SB17, sponsored by Sen. Ralph Okerlund, R-Monroe, deals with extraterritorial jurisdiction, which gives cities of the first class control of their primary watershed from which they derive their water supply.
The legislation seeks to confine that authority to the water supply's "county of origin" and requires a municipality to seek written permission from other counties or cities if exercise of that authority is sought outside the home county boundaries.
Marie Owens, director of the Utah Division of Drinking Water, called the measure a "fragile compromise" reached after a long summer of meetings.
The issue of extraterritorial jurisdiction has been simmering for decades as various landowners, government entities and others have tried to control what happens in the Wasatch canyons.
Critics of Salt Lake City, which gets 60 percent of its municipal water supply from the canyons, complain that it exercises too much land control in an era when sophisticated water treatment systems and various agencies are sufficient to protect the water supply.

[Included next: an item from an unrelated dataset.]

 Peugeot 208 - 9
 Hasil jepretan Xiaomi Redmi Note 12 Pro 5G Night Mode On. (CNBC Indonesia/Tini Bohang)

In addition, some other areas of the state such as Wasatch and Duchesne counties — which are part of a complex water delivery system serving portions of the Wasatch Front — could be vulnerable to land use restrictions under extraterritorial jurisdiction.
Norm Henderson, a Big Cottonwood Canyon resident and subcommittee member, said the bill still has problems because it needs to provide more specific representation to residents and it has potential unintended consequences.
Henderson, in a written complaint to Okerlund, said vague language in the bill could trump prior land use authority.
In addition to the extraterritorial jurisdiction measure, the committee also endorsed a resolution to continue the study of water banking in Utah.
Senate Minority Assistant Whip Jani Iwamoto, D-Holladay, is sponsoring SJR01 to support the continued exploration of water banking in the agricultural community as an option when water is in short supply.
If drought, for example, precludes a farmer from irrigating his entire farm, the water banking option would allow him to lease a portion of his water right without fear of permanently giving that right up.
Steve Clyde, a water attorney and member of the state Water Development Commission, told lawmakers that water banking has been effective in other states but is untried in Utah in part due to its arid conditions.
Supporters believe it could be an effective tool in certain basins, such as the Bear River.
Iwamoto says she hopes to have legislation crafted in time for the 2020 legislative session.
Both the resolution and Okerlund bill advanced to the full Senate.